__EXERCISE DESCRIPTION__.
Transcribe, word for word and without additions, each line below from the one containing "White Farmhouse Shabby-Chic" through the one containing "FILE - Intel", both ends included.
=== Begin Enclosure ===
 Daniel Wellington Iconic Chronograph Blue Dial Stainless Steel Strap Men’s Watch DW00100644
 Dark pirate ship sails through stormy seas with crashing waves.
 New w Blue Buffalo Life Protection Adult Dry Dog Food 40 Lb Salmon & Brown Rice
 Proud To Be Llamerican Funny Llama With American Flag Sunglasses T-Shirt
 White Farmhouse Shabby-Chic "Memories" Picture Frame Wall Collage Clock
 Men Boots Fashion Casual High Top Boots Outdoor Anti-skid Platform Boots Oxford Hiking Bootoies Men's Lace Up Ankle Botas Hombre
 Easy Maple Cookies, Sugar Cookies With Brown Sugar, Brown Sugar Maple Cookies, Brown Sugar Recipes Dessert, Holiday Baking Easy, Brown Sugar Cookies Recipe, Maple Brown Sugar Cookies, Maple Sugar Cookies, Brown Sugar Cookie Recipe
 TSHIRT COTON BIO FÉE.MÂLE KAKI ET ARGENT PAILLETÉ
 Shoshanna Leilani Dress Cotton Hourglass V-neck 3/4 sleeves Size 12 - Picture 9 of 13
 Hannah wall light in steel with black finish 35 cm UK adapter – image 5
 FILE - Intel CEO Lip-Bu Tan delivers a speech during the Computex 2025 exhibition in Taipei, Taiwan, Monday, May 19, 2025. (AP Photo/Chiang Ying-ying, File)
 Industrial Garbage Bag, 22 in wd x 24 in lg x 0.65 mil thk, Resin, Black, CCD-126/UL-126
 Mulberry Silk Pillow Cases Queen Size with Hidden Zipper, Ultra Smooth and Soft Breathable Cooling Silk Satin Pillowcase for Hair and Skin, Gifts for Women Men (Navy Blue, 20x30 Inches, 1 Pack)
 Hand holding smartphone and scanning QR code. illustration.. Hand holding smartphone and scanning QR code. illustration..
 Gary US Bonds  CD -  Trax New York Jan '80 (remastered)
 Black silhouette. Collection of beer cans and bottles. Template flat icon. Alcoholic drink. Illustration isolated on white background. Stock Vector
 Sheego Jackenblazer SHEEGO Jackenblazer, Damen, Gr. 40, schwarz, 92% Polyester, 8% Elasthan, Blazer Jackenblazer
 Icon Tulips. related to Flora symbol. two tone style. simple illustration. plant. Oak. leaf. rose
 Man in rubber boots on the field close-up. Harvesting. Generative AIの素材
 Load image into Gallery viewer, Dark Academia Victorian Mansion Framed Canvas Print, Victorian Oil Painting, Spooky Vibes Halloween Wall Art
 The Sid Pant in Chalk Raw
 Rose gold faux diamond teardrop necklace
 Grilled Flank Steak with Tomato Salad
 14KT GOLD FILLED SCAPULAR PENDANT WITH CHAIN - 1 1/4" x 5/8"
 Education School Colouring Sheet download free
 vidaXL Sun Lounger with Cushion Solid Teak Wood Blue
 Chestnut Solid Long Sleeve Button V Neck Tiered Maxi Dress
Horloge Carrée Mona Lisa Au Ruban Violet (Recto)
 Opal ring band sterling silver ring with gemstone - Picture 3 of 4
=== End Enclosure ===
__RESULT OF THIS EXERCISE__.
 White Farmhouse Shabby-Chic "Memories" Picture Frame Wall Collage Clock
 Men Boots Fashion Casual High Top Boots Outdoor Anti-skid Platform Boots Oxford Hiking Bootoies Men's Lace Up Ankle Botas Hombre
 Easy Maple Cookies, Sugar Cookies With Brown Sugar, Brown Sugar Maple Cookies, Brown Sugar Recipes Dessert, Holiday Baking Easy, Brown Sugar Cookies Recipe, Maple Brown Sugar Cookies, Maple Sugar Cookies, Brown Sugar Cookie Recipe
 TSHIRT COTON BIO FÉE.MÂLE KAKI ET ARGENT PAILLETÉ
 Shoshanna Leilani Dress Cotton Hourglass V-neck 3/4 sleeves Size 12 - Picture 9 of 13
 Hannah wall light in steel with black finish 35 cm UK adapter – image 5
 FILE - Intel CEO Lip-Bu Tan delivers a speech during the Computex 2025 exhibition in Taipei, Taiwan, Monday, May 19, 2025. (AP Photo/Chiang Ying-ying, File)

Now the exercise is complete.